There are several ways to improve employee engagement; better benefits, flexible work hours and opportunities for growth are just some of them. But if you find that despite these, engagement is still low, look to your managers.
According to numerous surveys and studies, employees indicate that their manager greatly affects their level of engagement. In order to promote engagement, give managers employee engagement training.
Why it’s important to invest in employee engagement training for managers
- It will improve the relationship between employees and the managers. Amongst many other reasons, this will facilitate better communication between the two.
- Employee engagement leads to higher productivity
- Developing managers positively impacts the entire organisation
- Training managers will boost employee retention for both managers and those they manage
- It will help to improve on job satisfaction
- Engaged employees care about the organisation. They are willing to go the extra mile to see it succeed.
The employee engagement training should share why engagement is important, why managers are an important aspect of employee engagement and give managers the tools to boost employee engagement. So the first step to such trainings is to get the buy in of managers.
They need to understand the importance of engagement. Share the results of any engagement surveys you have carried out and breakdown what they mean. Once they are on board, proceed with the training.
Areas to train managers in include:
The bedrock of any relationship is communication. Managers should be equipped with skills to communicate well with their staff. This doesn’t only entail delivering instructions or reviewing employees’ work, it includes facilitating an environment for employees to communicate with them as well.
Listening is an important skill for managers to have if they want to increase employee engagement. First, train managers to foster an environment where employees can freely talk to them.
One on one chats are one way managers can do this. If you hope for these one on one meetings to truly be meaningful then managers need to be good listeners.
Active listening involves paying attention to the speaker, asking questions and responding to what is said. It is good practice to take some notes for later reference.
Following up on an issue an employee raised during a previous meeting will show that the manager was really listening. Listening serves another purpose, it will let management know what employees actually need.

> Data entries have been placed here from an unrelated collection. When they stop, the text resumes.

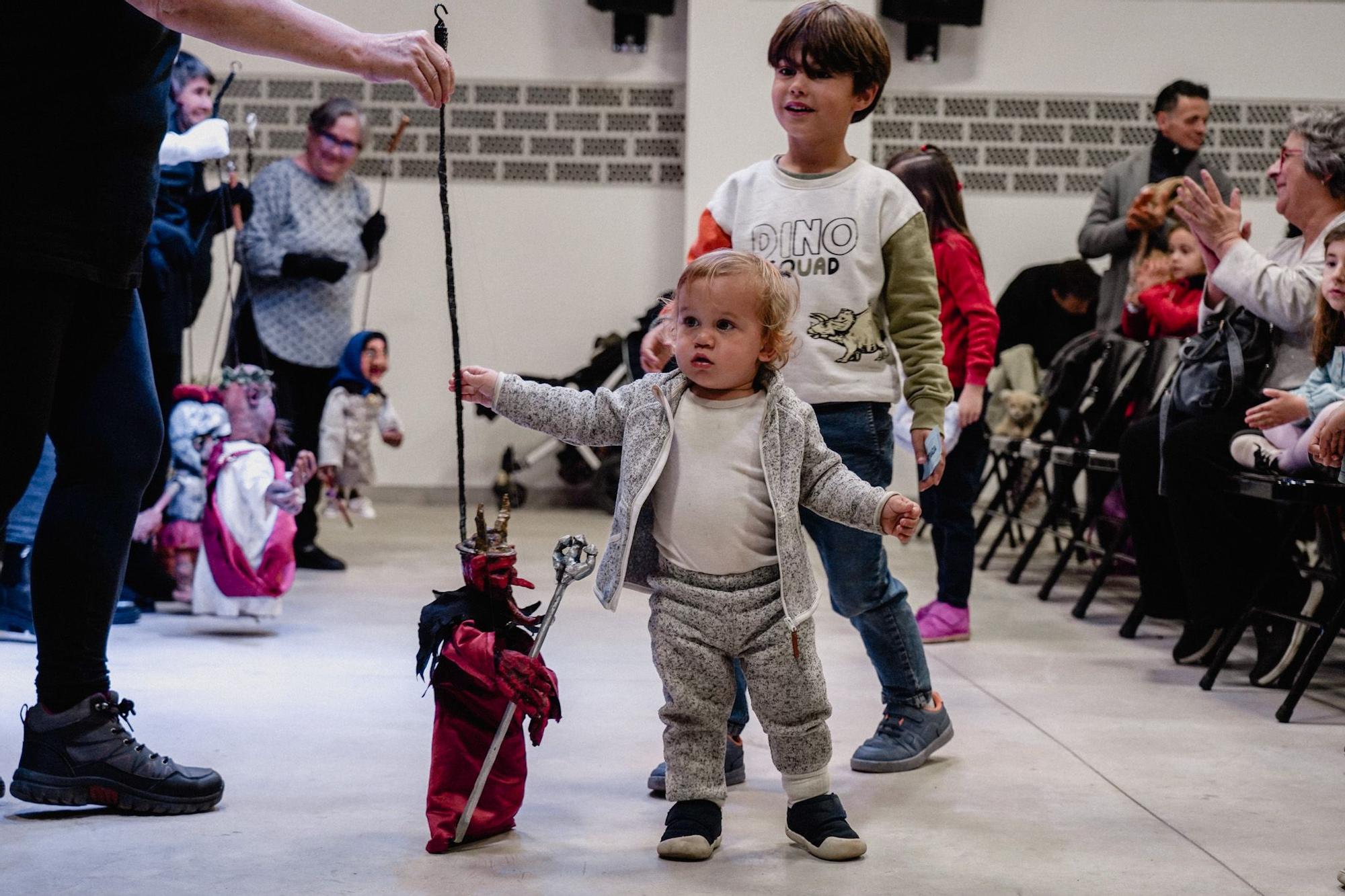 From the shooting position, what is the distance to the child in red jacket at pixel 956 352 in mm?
3354

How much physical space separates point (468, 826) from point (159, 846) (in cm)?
42

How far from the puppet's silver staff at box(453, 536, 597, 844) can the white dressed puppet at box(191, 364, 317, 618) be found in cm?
172

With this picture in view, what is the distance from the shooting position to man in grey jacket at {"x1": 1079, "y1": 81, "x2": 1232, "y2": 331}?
534 cm

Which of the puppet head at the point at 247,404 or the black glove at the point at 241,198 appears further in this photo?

Despite how well colleagues get on, conflicts will arise. In fact, conflict can be a sign of healthy team dynamics. They show that people trust each other enough to share their views without fear. However, if it is not managed it can have disastrous effects.
The good news is that when you train managers in both communication and listening, it will facilitate better conflict resolution.

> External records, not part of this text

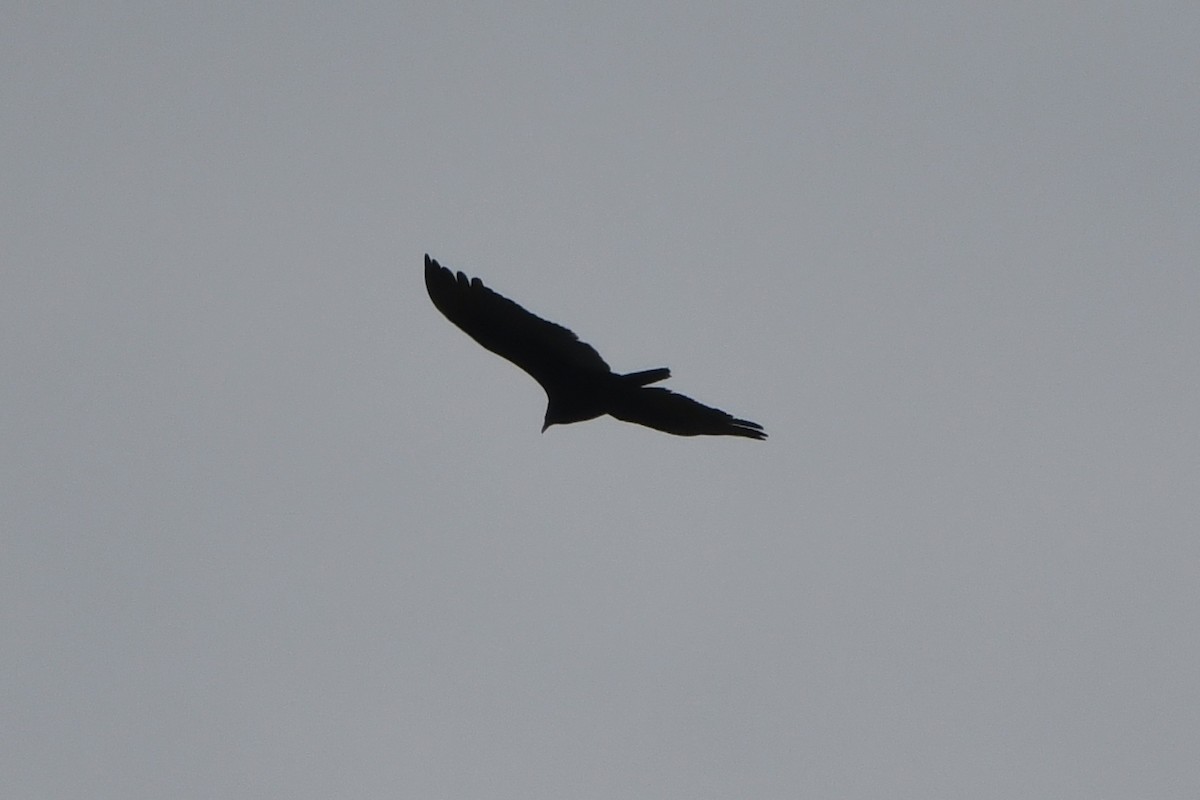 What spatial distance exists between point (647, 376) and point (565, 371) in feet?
3.65

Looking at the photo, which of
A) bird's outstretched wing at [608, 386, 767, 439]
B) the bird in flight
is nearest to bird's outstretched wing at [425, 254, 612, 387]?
the bird in flight

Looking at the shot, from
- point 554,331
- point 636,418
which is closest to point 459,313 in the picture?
point 554,331

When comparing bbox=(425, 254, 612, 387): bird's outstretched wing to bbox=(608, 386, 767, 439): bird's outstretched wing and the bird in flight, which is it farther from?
bbox=(608, 386, 767, 439): bird's outstretched wing

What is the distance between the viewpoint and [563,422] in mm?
17875

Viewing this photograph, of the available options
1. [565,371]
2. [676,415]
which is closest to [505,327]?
[565,371]

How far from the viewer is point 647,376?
16562mm

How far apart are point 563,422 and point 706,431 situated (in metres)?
1.34

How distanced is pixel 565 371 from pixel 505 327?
28.6 inches

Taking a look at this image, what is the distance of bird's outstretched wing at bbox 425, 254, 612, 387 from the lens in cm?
1691

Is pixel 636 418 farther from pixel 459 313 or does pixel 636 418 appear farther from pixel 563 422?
pixel 459 313

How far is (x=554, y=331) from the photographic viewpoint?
17.0 m

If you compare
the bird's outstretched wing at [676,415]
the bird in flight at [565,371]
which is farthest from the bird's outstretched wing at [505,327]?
the bird's outstretched wing at [676,415]

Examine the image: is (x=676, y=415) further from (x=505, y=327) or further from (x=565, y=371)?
(x=505, y=327)

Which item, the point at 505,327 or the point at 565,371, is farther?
the point at 565,371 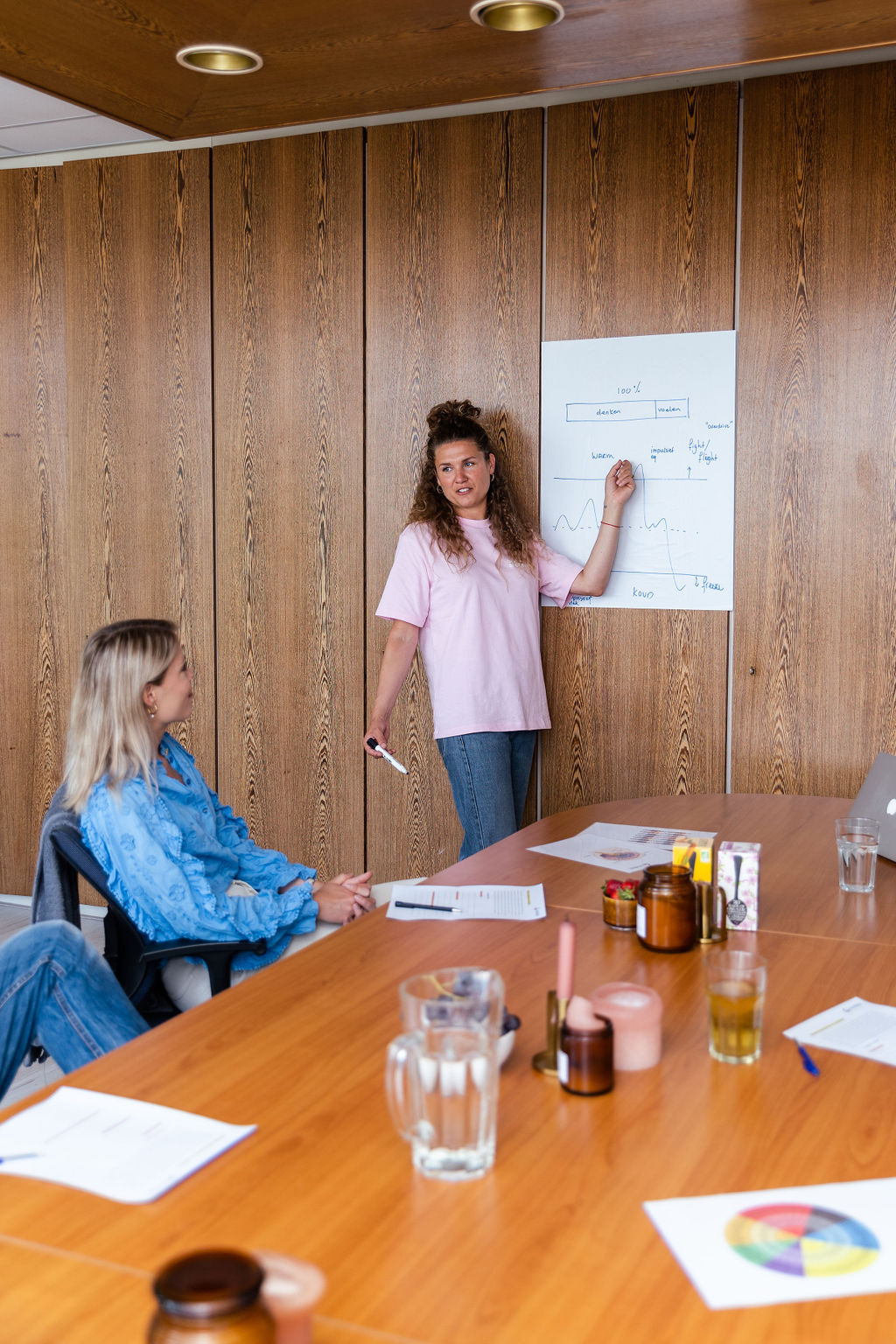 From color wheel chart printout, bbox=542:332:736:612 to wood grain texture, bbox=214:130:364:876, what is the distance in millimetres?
762

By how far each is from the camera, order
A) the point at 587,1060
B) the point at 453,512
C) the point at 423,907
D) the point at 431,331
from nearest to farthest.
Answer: the point at 587,1060 < the point at 423,907 < the point at 453,512 < the point at 431,331

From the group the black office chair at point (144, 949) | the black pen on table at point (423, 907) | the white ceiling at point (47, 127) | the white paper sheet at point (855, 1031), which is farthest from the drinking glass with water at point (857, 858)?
the white ceiling at point (47, 127)

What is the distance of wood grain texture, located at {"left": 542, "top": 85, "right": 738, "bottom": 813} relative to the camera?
12.8 ft

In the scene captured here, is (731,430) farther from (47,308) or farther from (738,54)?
(47,308)

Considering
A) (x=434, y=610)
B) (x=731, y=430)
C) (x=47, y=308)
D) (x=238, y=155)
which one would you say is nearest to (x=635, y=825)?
(x=434, y=610)

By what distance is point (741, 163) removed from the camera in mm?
3863

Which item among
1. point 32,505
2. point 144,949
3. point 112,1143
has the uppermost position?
point 32,505

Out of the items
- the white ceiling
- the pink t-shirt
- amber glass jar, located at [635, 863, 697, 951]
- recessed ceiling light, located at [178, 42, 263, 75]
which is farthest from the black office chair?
the white ceiling

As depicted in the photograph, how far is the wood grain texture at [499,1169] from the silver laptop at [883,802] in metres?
0.77

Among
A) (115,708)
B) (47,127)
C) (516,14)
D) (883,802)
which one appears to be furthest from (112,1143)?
(47,127)

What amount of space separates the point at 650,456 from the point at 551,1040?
2.87 m

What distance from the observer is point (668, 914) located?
1.92m

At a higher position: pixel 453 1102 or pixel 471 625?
pixel 471 625

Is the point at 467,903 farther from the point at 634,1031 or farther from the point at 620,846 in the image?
the point at 634,1031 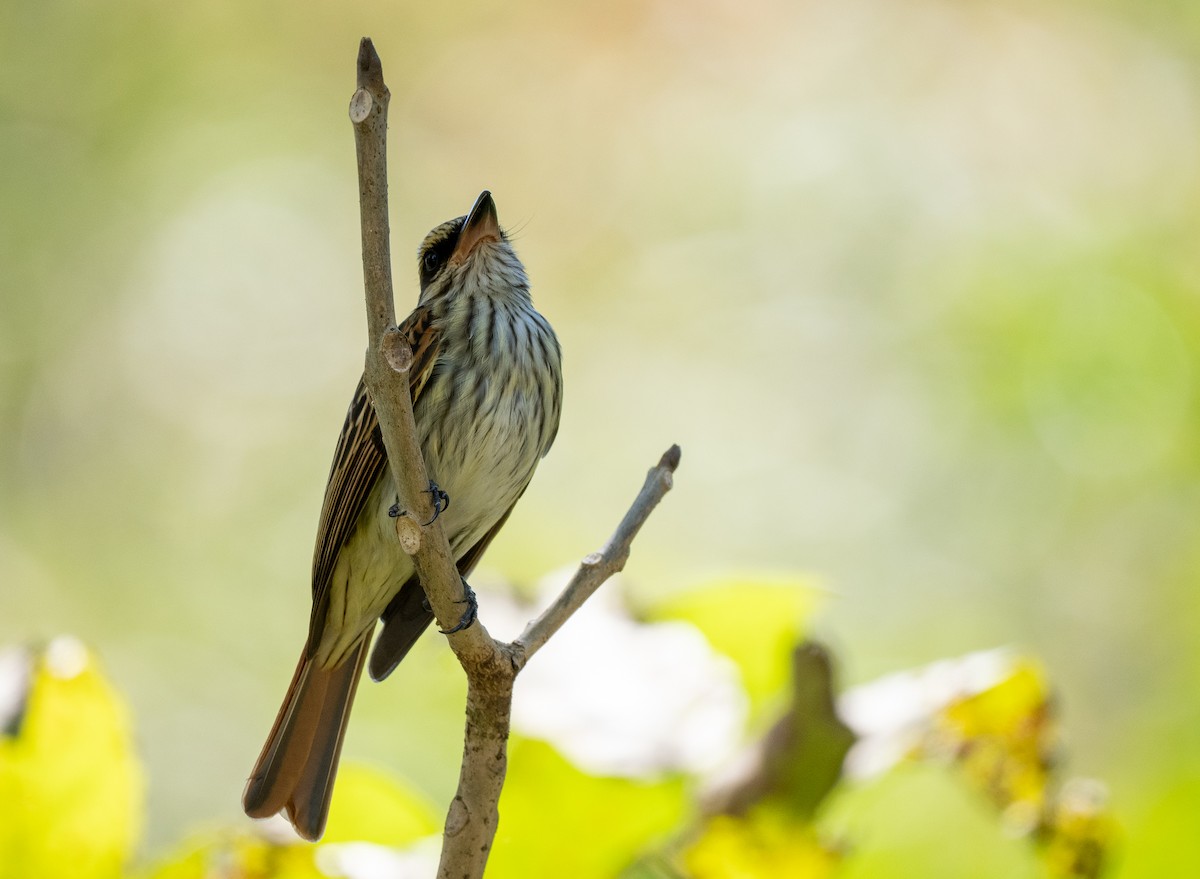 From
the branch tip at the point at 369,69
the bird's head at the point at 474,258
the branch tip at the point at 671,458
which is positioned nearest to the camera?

Managers need to empower teams with the means to resolve minor conflicts amongst themselves while at the time leaving the door open for them to seek the managers’ help if needed. There should be clear steps to conflict resolution, even when the conflict involves their manager.
Empathy helps managers understand situations from the perspective of employees. This can improve the relationship between manager and employee, lead to better problem solving and build trust.

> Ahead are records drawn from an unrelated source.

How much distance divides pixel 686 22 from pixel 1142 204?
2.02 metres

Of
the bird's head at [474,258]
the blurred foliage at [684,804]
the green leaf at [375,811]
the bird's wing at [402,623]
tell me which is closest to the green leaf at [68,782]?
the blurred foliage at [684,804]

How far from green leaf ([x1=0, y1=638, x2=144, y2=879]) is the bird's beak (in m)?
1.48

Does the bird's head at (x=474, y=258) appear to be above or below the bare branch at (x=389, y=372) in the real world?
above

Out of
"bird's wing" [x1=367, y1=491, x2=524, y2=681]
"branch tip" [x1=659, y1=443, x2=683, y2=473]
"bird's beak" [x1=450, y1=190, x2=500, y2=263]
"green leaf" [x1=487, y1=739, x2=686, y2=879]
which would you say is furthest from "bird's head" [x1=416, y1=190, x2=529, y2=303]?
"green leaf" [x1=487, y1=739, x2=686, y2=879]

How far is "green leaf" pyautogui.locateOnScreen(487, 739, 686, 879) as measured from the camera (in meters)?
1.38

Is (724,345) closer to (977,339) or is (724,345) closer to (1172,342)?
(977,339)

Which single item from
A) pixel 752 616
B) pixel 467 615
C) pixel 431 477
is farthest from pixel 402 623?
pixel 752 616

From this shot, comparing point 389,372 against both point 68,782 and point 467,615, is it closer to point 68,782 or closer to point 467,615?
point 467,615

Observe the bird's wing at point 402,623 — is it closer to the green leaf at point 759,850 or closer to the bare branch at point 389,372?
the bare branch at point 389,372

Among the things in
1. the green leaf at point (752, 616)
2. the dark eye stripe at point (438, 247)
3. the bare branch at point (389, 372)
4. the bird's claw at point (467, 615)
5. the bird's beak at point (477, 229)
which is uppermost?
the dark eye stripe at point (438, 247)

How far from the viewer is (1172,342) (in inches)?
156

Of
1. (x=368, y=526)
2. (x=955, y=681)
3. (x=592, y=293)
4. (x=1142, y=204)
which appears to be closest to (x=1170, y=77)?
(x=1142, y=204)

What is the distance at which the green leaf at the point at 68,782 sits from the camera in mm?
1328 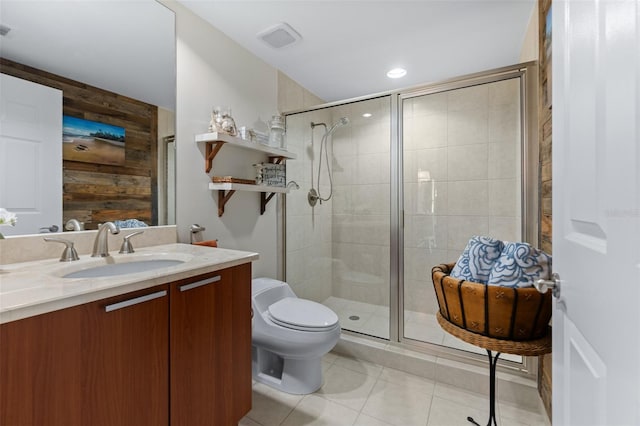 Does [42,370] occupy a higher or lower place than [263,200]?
lower

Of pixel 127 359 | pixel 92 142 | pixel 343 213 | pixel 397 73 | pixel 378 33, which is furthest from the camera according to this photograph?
pixel 343 213

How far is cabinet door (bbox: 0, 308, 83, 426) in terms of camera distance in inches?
24.9

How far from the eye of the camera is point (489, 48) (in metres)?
2.05

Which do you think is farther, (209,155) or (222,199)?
(222,199)

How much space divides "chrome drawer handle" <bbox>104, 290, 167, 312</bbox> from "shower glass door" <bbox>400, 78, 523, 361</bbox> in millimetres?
1707

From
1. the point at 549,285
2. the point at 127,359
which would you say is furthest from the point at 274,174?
the point at 549,285

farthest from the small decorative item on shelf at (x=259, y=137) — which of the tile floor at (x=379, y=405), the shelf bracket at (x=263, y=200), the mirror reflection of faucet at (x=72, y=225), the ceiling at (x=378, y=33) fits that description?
the tile floor at (x=379, y=405)

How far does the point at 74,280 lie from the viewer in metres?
0.85

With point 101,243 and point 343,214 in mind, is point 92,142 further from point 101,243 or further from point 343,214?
point 343,214

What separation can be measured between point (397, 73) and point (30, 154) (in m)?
2.44

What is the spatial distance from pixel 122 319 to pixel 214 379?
0.48 m

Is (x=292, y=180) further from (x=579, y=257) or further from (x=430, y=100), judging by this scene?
(x=579, y=257)

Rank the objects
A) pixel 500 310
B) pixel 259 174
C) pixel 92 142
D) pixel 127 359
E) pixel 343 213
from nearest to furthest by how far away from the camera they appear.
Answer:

Some people are naturally more empathetic than others but that doesn’t mean that empathy cannot be taught. It can be developed by encouraging managers to seek out new experiences and to be curious about how other people live. Here’s a resource on developing empathy.
The workplace might have a formal appreciation program to recognise employees but this shouldn’t stop managers from giving unscheduled appreciation.
Appreciation is a big driver for engagement. It lets employees know that their managers notice their work, it signals to them that they have done the right thing and it encourages them to keep it up.
As appreciation can be built into the culture, managers can encourage a culture of employees appreciating one another. This too will improve employee engagement.
When planning for employee engagement training for managers, include a section on change management. The organisations of today are constantly changing. Technology changes, systems change and so much more.
Change can be uncomfortable and open up uncertainties. If employees are not prepared for it, this can affect their engagement and even lead them to reject the change. Start by teaching managers to communicate about any changes and being open to answering questions they might have.
Aside from the employee engagement training offered by the organisation, managers can take additional steps to improve the engagement levels of their staff:
Get to know your people
Developing and maintaining a relationship is really integral to having an engaged team. Take the time to learn their hobbies and interests, ask after their children if they have any, know their spouses names and other details about their lives outside of work. Knowing people will help you know how to motivate them and it will build trust between you.
Mentor people or provide mentorship opportunities
Because you will have taken the time to know your people, they will be more willing to open up about their future plans. Step in and be a mentor. Is it possible to delegate some tasks once in a while? Can you have an employee sit in for you as manager for a day so they can get some experience about the role?
If this is not possible, you can suggest other employees who could be good mentors and facilitate that relationship.
Be their advocate
As mentioned above, if your employee is looking for a mentor and they need an introduction, you could be the person to help them out. Engagement will go up if your employees know that you are rooting for them and that you stand up for them.
This may involve representing their concerns to upper management and fighting for policies that will improve their experience at work.
According to many sources, the relationship with their manager is the single most important factor for an employees’ success. This means that managers play an important part in employee engagement.
It is not fair to assume that managers will automatically know what is needed to boost engagement however, that is why employee engagement training for managers is essential. Continuous training will arm managers with the necessary skills to support their employees and as an added benefit, it will boost their own engagement.
Once managers understand the importance of employee engagement, they too can seek out ways outside of the formal training to engage employees.